Deep dive into Kubernetes network model and communication
This is the first note on Kubernetes network learning.
In this series, we will explore the Kubernetes network model and communication through the following articles:
- Deep Dive into Kubernetes Network Model and Communication
- Understanding the Container Network Interface (CNI)

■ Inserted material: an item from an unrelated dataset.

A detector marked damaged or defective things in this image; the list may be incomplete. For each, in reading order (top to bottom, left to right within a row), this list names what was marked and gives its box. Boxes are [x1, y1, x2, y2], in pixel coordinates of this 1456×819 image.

- Source code analysis: how kubelet and container runtime work with CNI
- Learning Kubernetes VXLAN network from Flannel
- Kubernetes network learning with Cilium and eBPF
Kubernetes defines a simple and consistent network model based on a flat network structure. This design allows for efficient communication without the need to map host ports to network ports or use other forwarding components. The model also makes it easy for applications to migrate from virtual machines or physical machines to pods managed by Kubernetes.
In this article, we will dive into the Kubernetes network model and understand how communication takes place between containers and pods. The implementation of the network model will be covered in later articles.
Kubernetes Network Model
The Kubernetes network model defines the following:
- Each pod has its own IP address, which is reachable within the cluster.

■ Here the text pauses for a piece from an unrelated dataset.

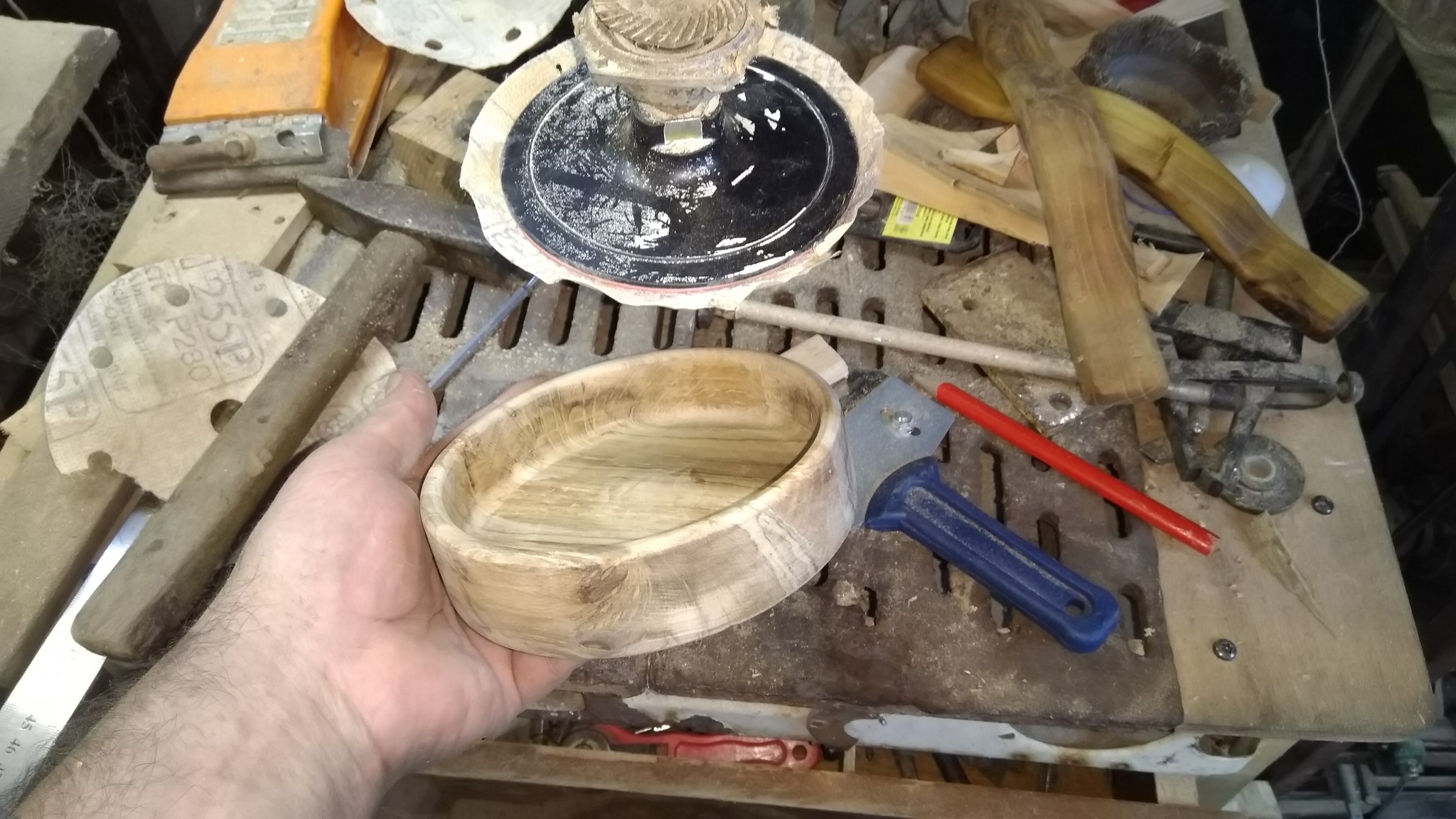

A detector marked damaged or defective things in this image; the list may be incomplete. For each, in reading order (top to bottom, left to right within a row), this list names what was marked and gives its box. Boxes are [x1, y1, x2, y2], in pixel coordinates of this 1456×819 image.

rusty metal surface [384, 236, 1182, 725]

- All containers within a pod share the same IP address (including MAC address) and can communicate with each other using
localhost
. - Pods can communicate with any other pod in the cluster using the pod IP address without the need for NAT.
- Kubernetes components can communicate with each other and with pods.

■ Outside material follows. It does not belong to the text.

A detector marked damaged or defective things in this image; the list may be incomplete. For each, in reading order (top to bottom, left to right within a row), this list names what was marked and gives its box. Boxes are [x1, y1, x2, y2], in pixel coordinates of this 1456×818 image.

- Network isolation can be achieved through network policies.
The definition above mentions several related components:
- Pod: In Kubernetes, a pod is similar to a virtual machine with a unique IP address. Pods on the same node share network and storage.
- Container: A pod is a collection of containers that share the same network namespace. Containers within a pod communicate with each other using
localhost
. Containers have their own independent file system, CPU, memory, and process space. Containers are created by creating a pod. - Node: Pods run on nodes, and a cluster can have one or more nodes. The network namespace of each pod is connected to the namespace of the node to establish connectivity.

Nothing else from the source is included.